If you’ve read history books or watched documentaries about Nazi Germany in the 20th century, you probably know about the mass burnings of books that the Nazis deemed counter to their Fascist movement. You probably also think that the organized mass destruction of books is a thing of the thankfully distant past.

Not so, alas.

A book burning held by an Ontario francophone school board as an act of reconciliation with Indigenous people has received sharp condemnation from Canadian political leaders and the board itself now says it regrets its symbolic gesture.

The “flame purification” ceremony, first reported by Radio Canada, was held in 2019 by the Conseil scolaire catholique Providence, which oversees elementary and secondary schools in southwestern Ontario. Some 30 books, the national broadcaster reported, were burned for “educational purposes” and then the ashes were used as fertilizer to plant a tree.

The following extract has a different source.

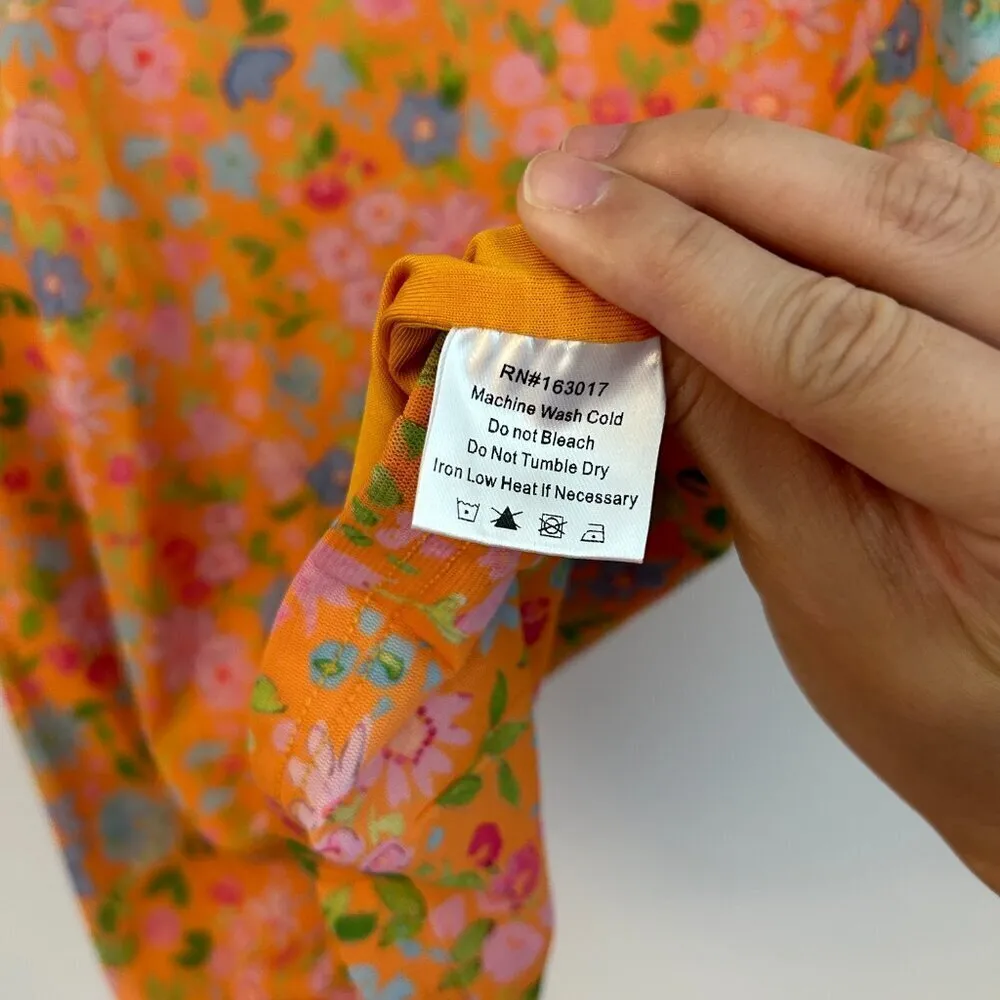 Princess Polly Juliette Floral Mini Bodycon Dress in Orange Size 6 NWT - Image 7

“We bury the ashes of racism, discrimination and stereotypes in the hope that we will grow up in an inclusive country where all can live in prosperity and security,” says a video prepared for students about the book burning, Radio Canada reported.

In total, more than 4,700 books were removed from library shelves at 30 schools across the school board, and they have since been destroyed or are in the process of being recycled, Radio Canada reported.


Note the Orwellian claim that books were burned “for educational purposes.” You can read more about this in a 2021 National Post article.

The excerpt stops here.